Spurs went out and won the second half against Arsenal and had enough chances to get back into the game through a penalty not given and good saves from the Arsenal keeper Ramsdale, so the signs of recovery were there.
Which leaves the Villa side of things…
Despite the result, it wasn’t a bad performance, it was untidy. There was an air of impatience about their play, that could naturally follow a win against Manchester United.
The whole Aston Villa side looked to be in a rush to get this game over.
Villa came out frantically, and for the first twenty minutes, Tottenham couldn’t get out of their half. Unfortunately, Villa, couldn’t get the goal and got hit on the break.
A giveaway by McGinn, Son then advanced the ball up the pitch in a flash, Hause held him up, but he passed to Hojbjerg and Konsa turned his back on the shot that went past Martinez.
After working hard to get the equaliser in the second half, it happened to Villa again. Son had too much pace and space for Hause and squared it for either a Targett own goal or a Moura tap in depending on your outlook.

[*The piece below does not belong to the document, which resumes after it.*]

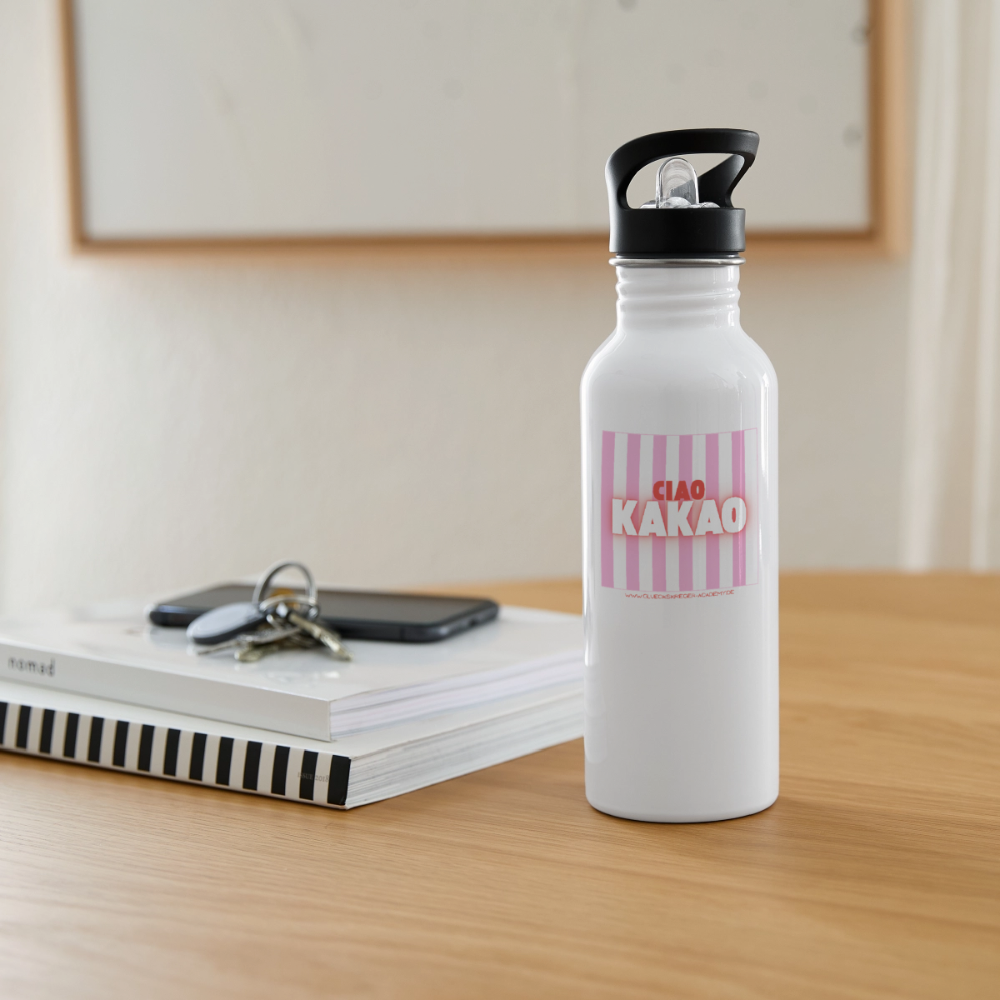 Glückskrieger Trinkflasche – Ciao - white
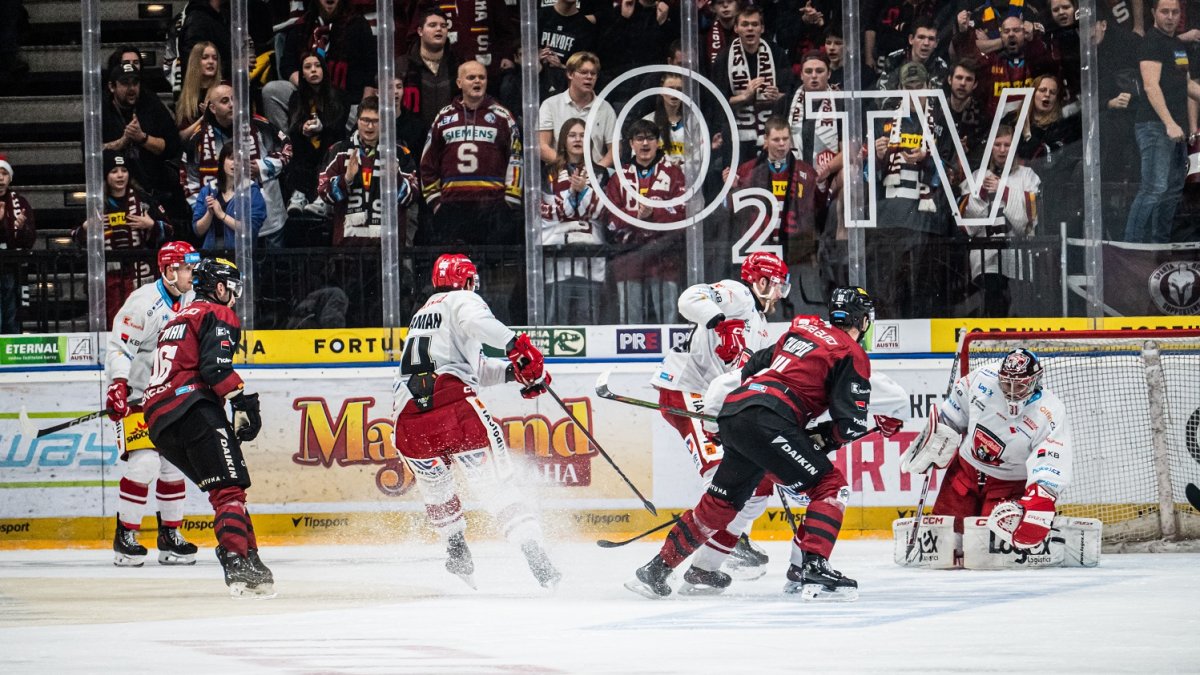 HC Sparta Praha v utkání proti Mountfieldu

It only took two moments to lose the game.
The warning was there against Manchester United, when Greenwood broke and didn’t square it like Son.

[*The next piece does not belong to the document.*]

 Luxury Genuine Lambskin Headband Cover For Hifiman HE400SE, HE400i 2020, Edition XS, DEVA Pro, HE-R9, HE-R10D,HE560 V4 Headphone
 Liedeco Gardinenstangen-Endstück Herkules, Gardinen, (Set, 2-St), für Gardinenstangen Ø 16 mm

Aston Villa are far from a bad side, but it’s the little things that decide the games against the big teams and the big players.

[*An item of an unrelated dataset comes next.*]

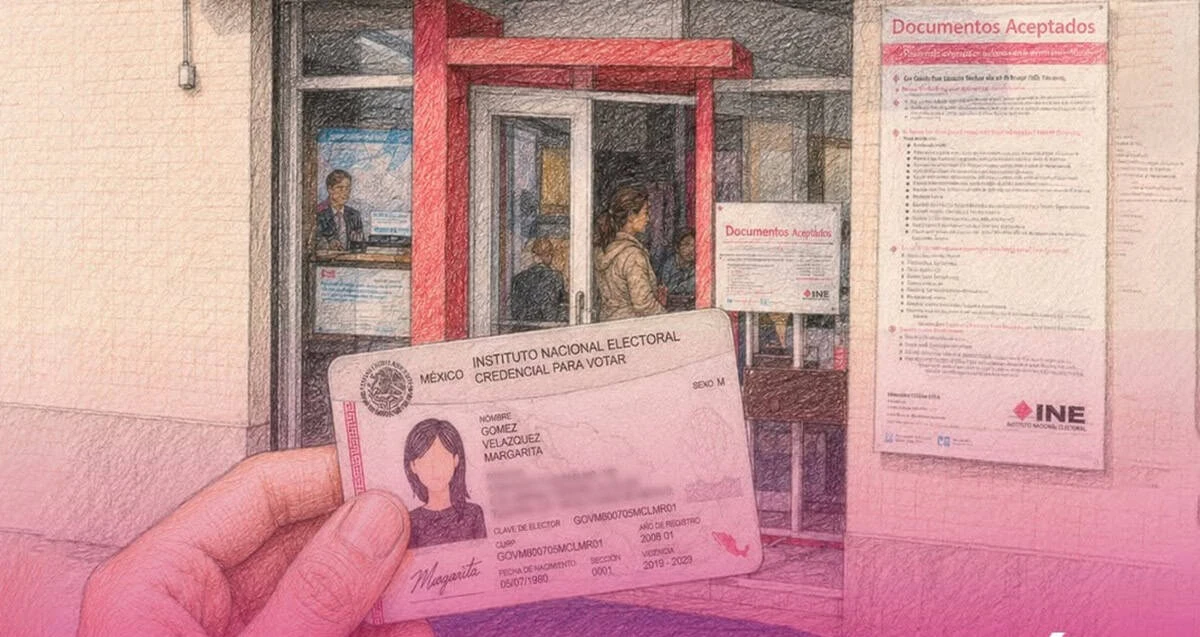 &iquest;Vas a renovar tu INE? Estos son los documentos que debes llevar en 2026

Had Villa shown a bit more composure, the result would have flipped the other way.
Discounts on Aston Villa Shirts (click below)
The Ugly
There’s no formation that fits every game, and Dean Smith will now need to tinker with it again over the international break.
One criticism levelled at Aston Villa after their great start last season, was that teams had worked them out after Christmas.
This was most evident, away at Brighton and at home to West Ham in early 2021.
Where Villa had dominated the play in previous games without getting results against the pair, the reverse fixtures saw Villa dominated in a 0-0 away at Brighton and 1-3 at home to West Ham, after being tactically nullified.
3-5-2 has now been the starting formation for the last four league games and against Spurs, it didn’t work.
Son was able to strike at the space between Villa’s players, particularly full back and outside centre back, and Spurs didn’t bother trying to play out from the back and through the middle like Manchester United did.
This left the three in midfield pulled apart and unable to act as a unit like they had in the previous game at Old Trafford.
There needed to be a change at half-time, but Dean Smith felt the formation was still strong enough to deal with the game, and he was nearly correct.
However, this is the first indication that teams are already working out the Villa 3-5-2 and any team with a pacy front three, won’t need to be as good as Villa to cause them problems.
Look at the first goal from Lukaku against Villa. Villa caught on the break and the ball into the space between the full-back Cash and Tuanzebe.
3-5-2 will play into Liverpool and Manchester City’s hands especially, so Smith needs to tweak it more proactively moving forward.
Of course, not every team will have forwards the quality of Son, Kane, Moura and Lukaku.
Aston Villa and Dean Smith just need to be more aware that what works brilliantly one week may look a bit uglier the next, and keep changing things up.